When you notice a performance issue on an instance, what is your first instinct? I would say the majority of DBAs would start looking at the user and application processes the were running against the instance. While it's a pretty safe bet to make, how do you know you're not a part of the problem?
When was the last time you looked at your SQL Agent jobs? Do you have any jobs with overlapping execution times? I'm not just talking about jobs using the same schedule, but jobs that overlap every tenth execution, or every fourth. If you have one or two instances to manage it can be a trivial task to check this out, there are even a few pieces of software that can help. But what if you manage 100+ instances, with 100 jobs each? In this post we'll go over a custom built solution developed just for such a case.
The general concept is straight forward: We will calculate and add a delay to the execution of each job in such a way that we get the least amount of overlapping executions. We do this by getting all job execution data for a 24 hour period and then we add a small (ever increasing) delay to each job until we reach the lowest level of overlaps possible. This delay information is then stored in a table on the instance and is used by a 'Delay' step added to each job to delay job execution by the amount specified.
There are a few moving parts to this solution:
JobDelay Table: This table stores the job name and an integer representing the number of seconds to delay each execution of the job.
AddJobDelay Stored Procedure: This procedure loops through all jobs on the instance and adds a new 'Delay' step as the first step of the job. This step executes the following code:
DECLARE @delay INT = NULL; DECLARE @waitfor CHAR(8); SELECT @delay = delay_sec FROM JobDelay WHERE job_name = '[job name goes here]' SET @waitfor = LEFT(DATEADD(second,ISNULL(@delay,0),CAST('00:00:00' AS TIME)),8); WAITFOR DELAY @waitfor;
Because I didn't want to have to keep track of job ids, this solution requires that you use unique job names. Which is arguably something you should be doing anyhow.
GetJobData Stored Procedure: This procedure returns one row for every job execution scheduled for the next 24 hours. Currently it does not pay attention to the time of day that a job can run (coming in a future version) it just assumes all jobs execute on a 24 hour schedule. As an example, if a job executes every 15 minutes, you would see 96 rows for this job. Along with executions, this proc also determines the average duration for the job (minus the delay step), this is very important later in the process.

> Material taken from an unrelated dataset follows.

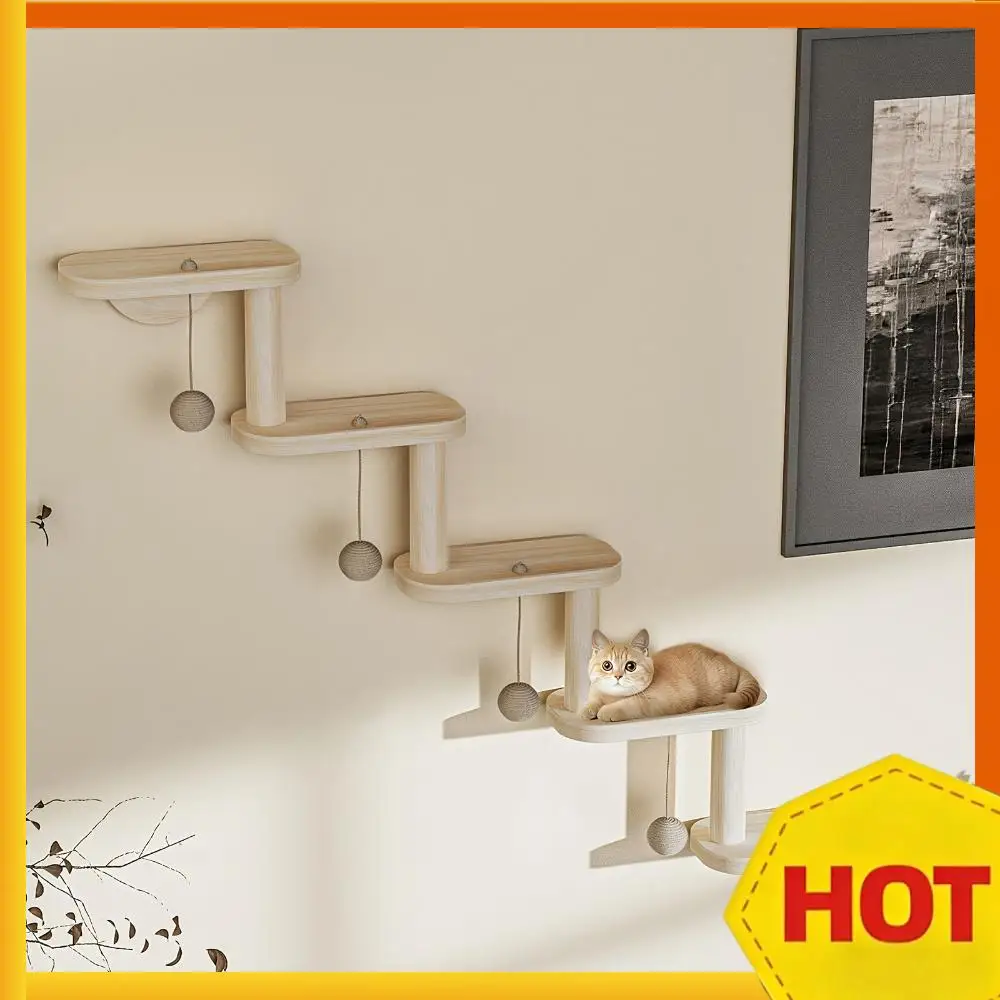 

Настенная деревянная лестница-когтеточка для кошек с 5 ступеньками, деревянная стойка-лестница для сна и игр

Overlap Checker: This is a C# console app that takes the data from the
GetJobData stored procedure and calculates the optimal delay for each job. Here is an overview of what this program is doing (with as little detail as I can muster):
In order for this to work we have to operate under a few assumptions:
- Jobs don't need to execute exactly when they were defined to run
- There is currently enough job history data in
msdb to be considered representative of a typical day
- We don't care about reducing overlaps of jobs that execute every minute, or every twelve hours.
Limitations: - All jobs must be uniquely named - Jobs with multiple schedules are currently ignored
Overall this solution has worked great. We saw an overall CPU reduction and "smoothing" effect on CPU spikes. I did doubt the effects at first, but turning the delays off quickly proved me wrong. Most jobs never see a delay more than 10-100 seconds, and overall this process only takes ~1 minute to execute per instance.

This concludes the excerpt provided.